The adsorption capacity of trivalent-metal hydroxide-bone char composite (TMH/BC) for defluorination of ground water was investigated. The operating parameters for the bone char (BC) production process were optimized. The best adsorption efficiency of 88%, was recorded for the BC produced at 450 °C for 3 h of thermal treatment. The BC impregnated in hydrated aluminum sulfate and coated with the trivalent metal oxide (Al(OH)3) showed higher fluoride removal efficiency of 99% compared to BC (88%) and hydroxyapatite (HAP) (87%).

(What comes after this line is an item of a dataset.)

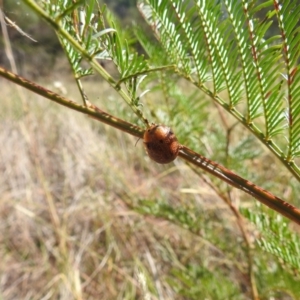 Paropsisterna sp. (genus) at Lake Burley Griffin West - 31 Mar 2024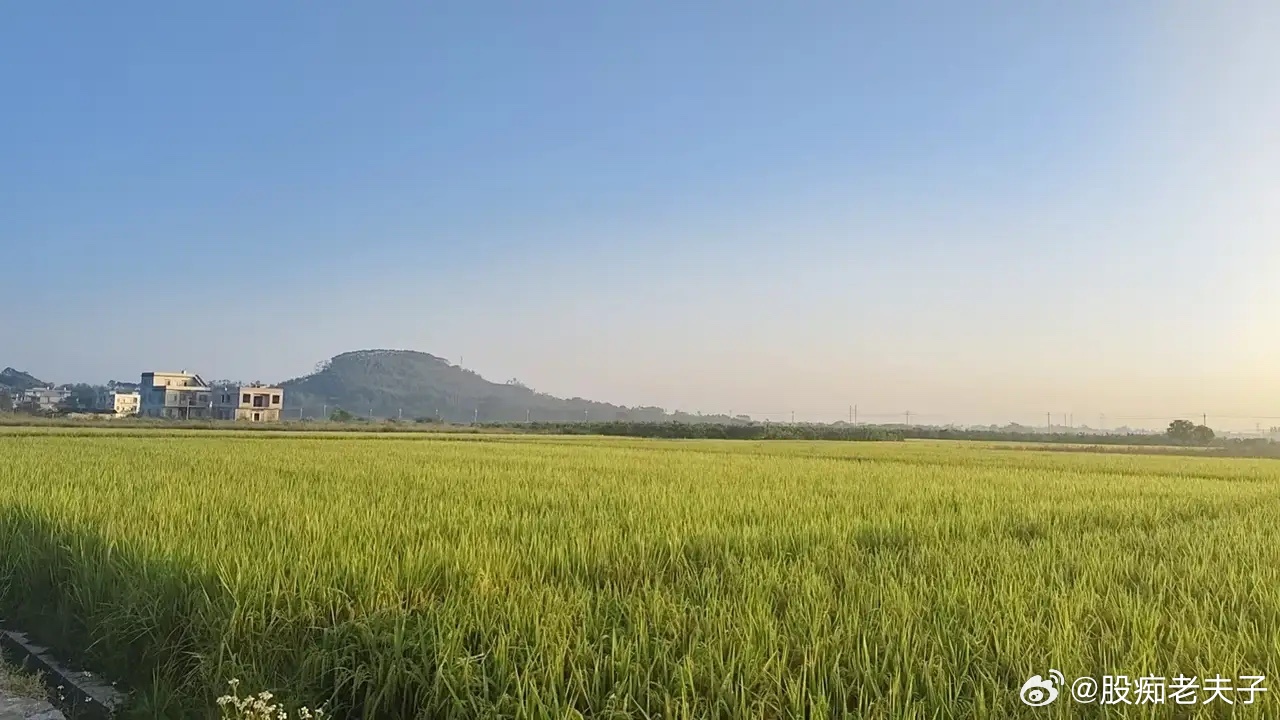现在有个挺让人担心的现象：美股还没怎么大跌，咱们的双创板块已经先跌了30%-40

The SEM and EDS characterization for the modified BC confirmed the effect of thermal treatment and aluminum dispersion on the surface of the BC. The core elements determined in TMH/BC were calcium, carbon, phosphorus, oxygen, aluminum, and sodium. The fluoride was identified to be linked with the aluminum composites. The TMH/BC composite has improved specific surface area of 379 m2/g compared to GBC with 350.2 m2/g. The adsorption kinetic model of TMH/BC was fitted to the Temkin isotherm model while BC and HAP were fitted with Langmuir and Freundlich isotherms. Due to its higher adsorption ability compared to the tested adsorbents, TMH/BC was more suitable adsorbent to remove excess fluoride present in the groundwater.